Short descriptive text snippets:
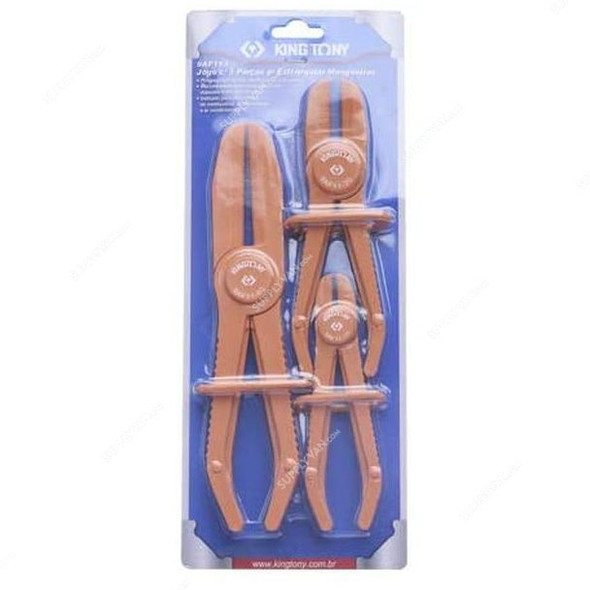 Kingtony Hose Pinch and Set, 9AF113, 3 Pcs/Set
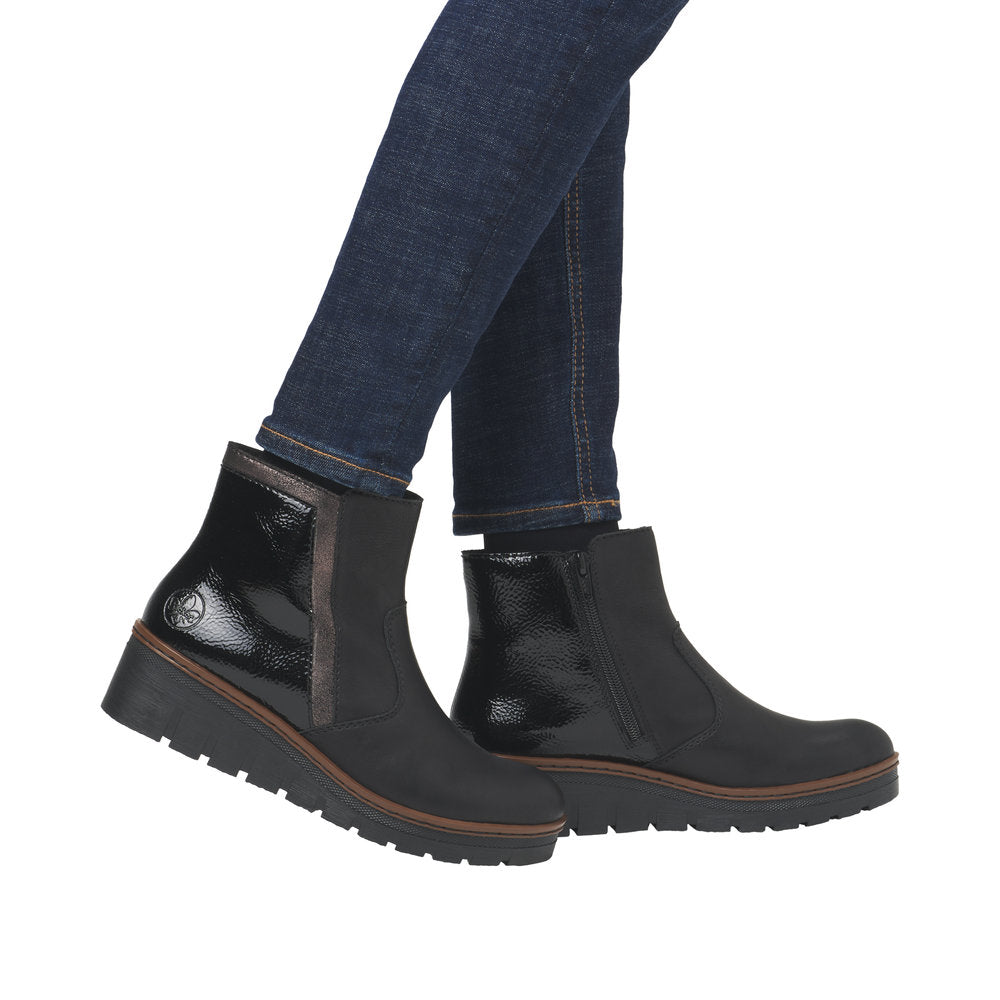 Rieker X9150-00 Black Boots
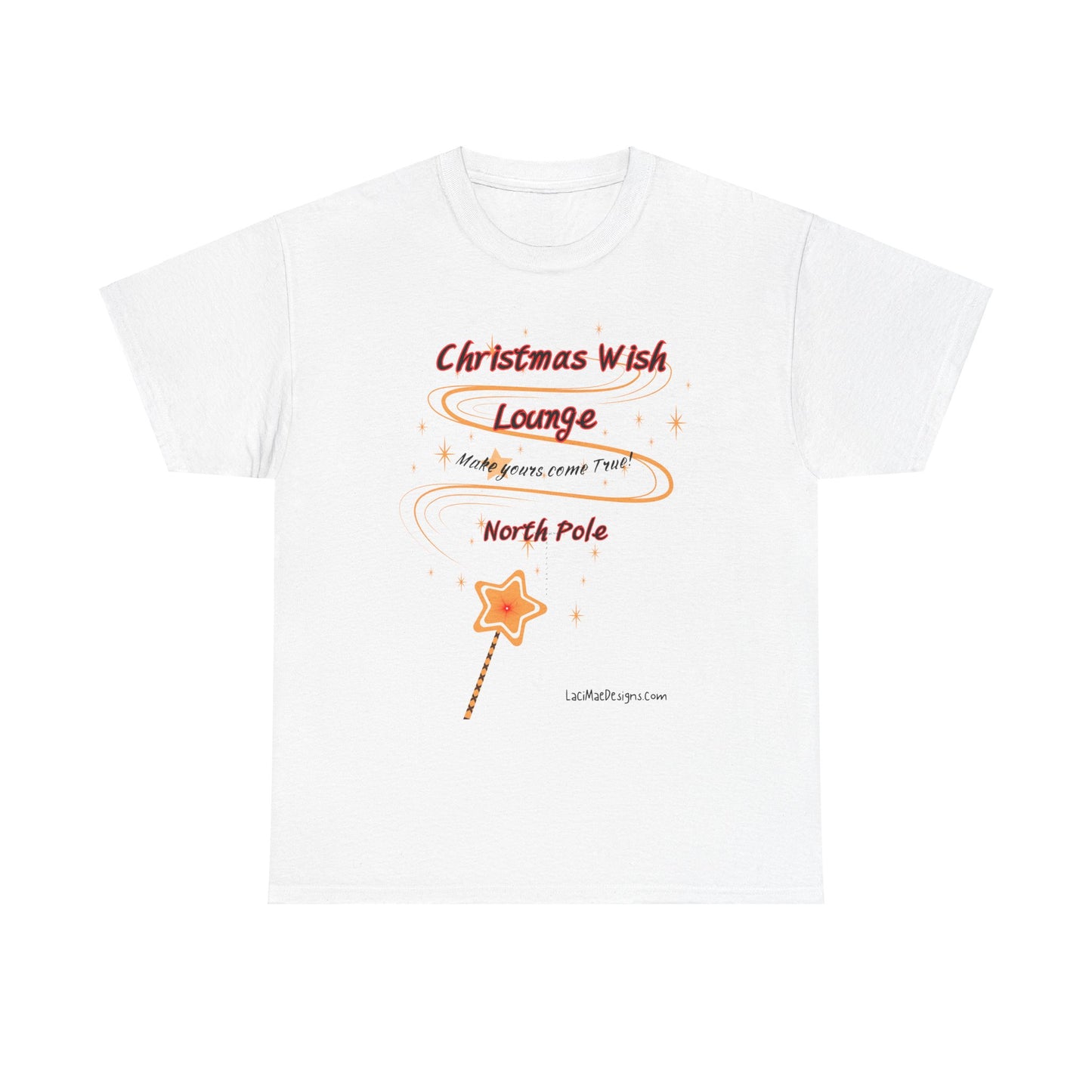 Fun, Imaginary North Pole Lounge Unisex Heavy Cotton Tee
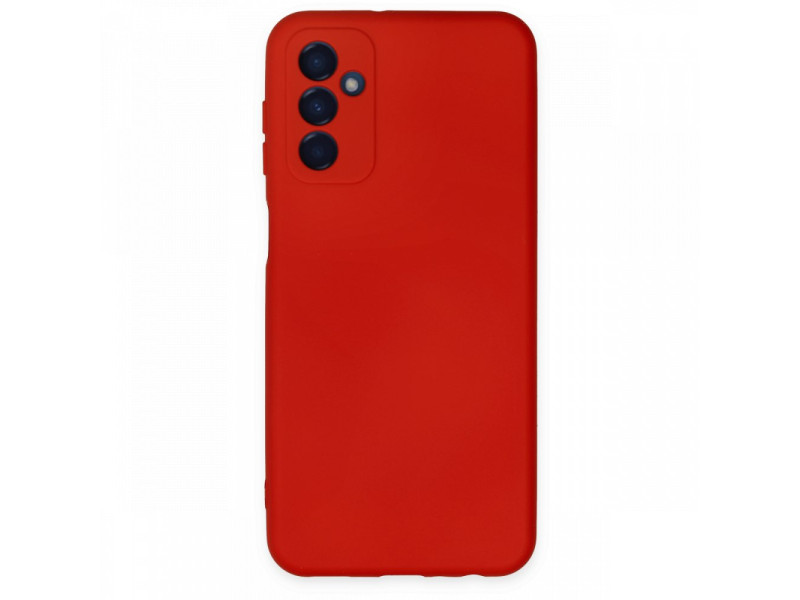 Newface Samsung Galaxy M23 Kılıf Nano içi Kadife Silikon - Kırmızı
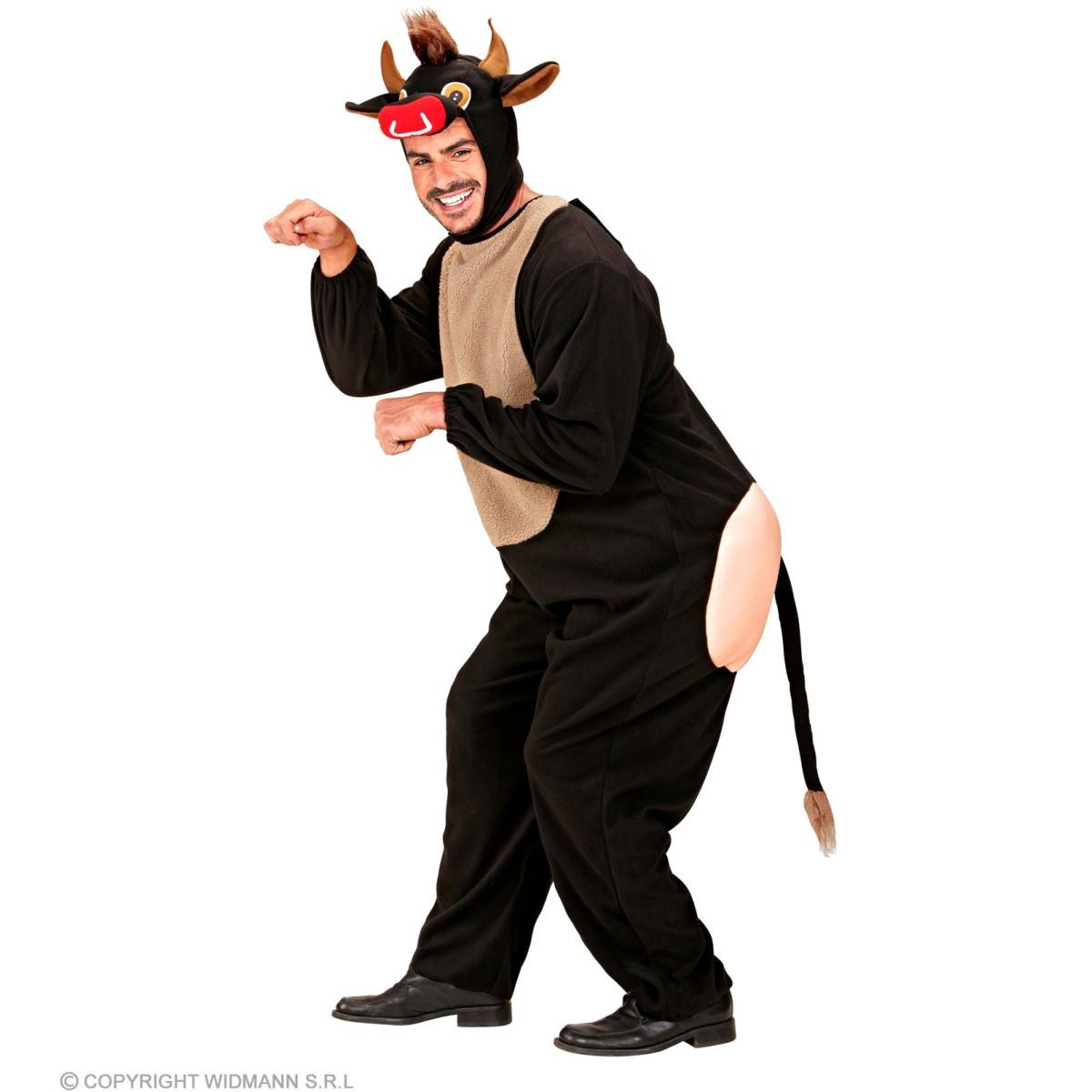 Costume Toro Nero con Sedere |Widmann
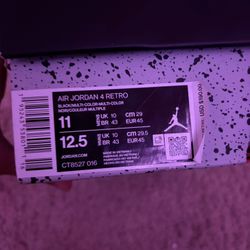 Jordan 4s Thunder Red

> **Task description**
The task calls for every line of the data to be returned exactly, without pictures.

> **Written reply**
 Kingtony Hose Pinch and Set, 9AF113, 3 Pcs/Set
 Rieker X9150-00 Black Boots
 Fun, Imaginary North Pole Lounge Unisex Heavy Cotton Tee
 Newface Samsung Galaxy M23 Kılıf Nano içi Kadife Silikon - Kırmızı
 Costume Toro Nero con Sedere |Widmann
 Jordan 4s Thunder Red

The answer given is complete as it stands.